Love your attitude—-both submitting early, and learning from submitting too early. Mind giving us f-expression virgins a note or two on why they’re awesome?
I can try, though as the night wears on my brain gets fuzzier...
Basically, f-expressions unify macros and functions. This combined thing is called a "combiner". It works by being different from a macro/function in two main ways: 1) It has a "wrap level" that encodes how many times arguments to this combiner should be evaluated when it is called and 2) it has an extra parameter that receives the dynamic calling environment when the combiner is called. A normal function is simply a combiner with a wrap level of 1 and ignores the dynamic environment parameter. A macro is a combiner with a wrap level of 0 and first constructs new code out of the passed regular parameters before evaluating the entire thing using the dynamic environment that was passed in (using an eval function, like you would find in JS or Python).
The cool bit is that these are all first class, available at runtime, and subsume not only functions and macros but also all special forms in the language! "if" and "let" and "while" can all be normal combiners (albeit built-in ones), and you can define new ones as easily as writing a function would be.
This makes the language much simpler and uniform while gaining expressive power, and fixes a lot of rough edges. (For instance, you can't do the equivalent of "(map and '(true false true true))" in Scheme, because "and" is a macro and thus can't be passed to higher-order functions.

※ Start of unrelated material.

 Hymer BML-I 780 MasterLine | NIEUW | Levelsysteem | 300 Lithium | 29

It can work just fine in a language built around f-expressions, though!)
The major downside to f-expressions is that they tend to be unbearably slow, since they (normally) prevent pretty much all optimization and remain to re-run over and over at runtime (unlike macros which would be expanded once into new code, and permit optimization and compilation after that).

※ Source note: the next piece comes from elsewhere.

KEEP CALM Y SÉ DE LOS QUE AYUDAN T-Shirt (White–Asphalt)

I've managed to create a partial evaluator + compiler for f-expressions in a pure functional language that can remove most of the overhead for f-expressions that fall in the function-like and macro-like categories, resulting in a reasonably fast language where only the more exotic f-expressions fall back to slower interpretation. Writing it up in an academic paper is proving to be almost as hard and time consuming as solving the problem in the first place, but it'll get there, eventually.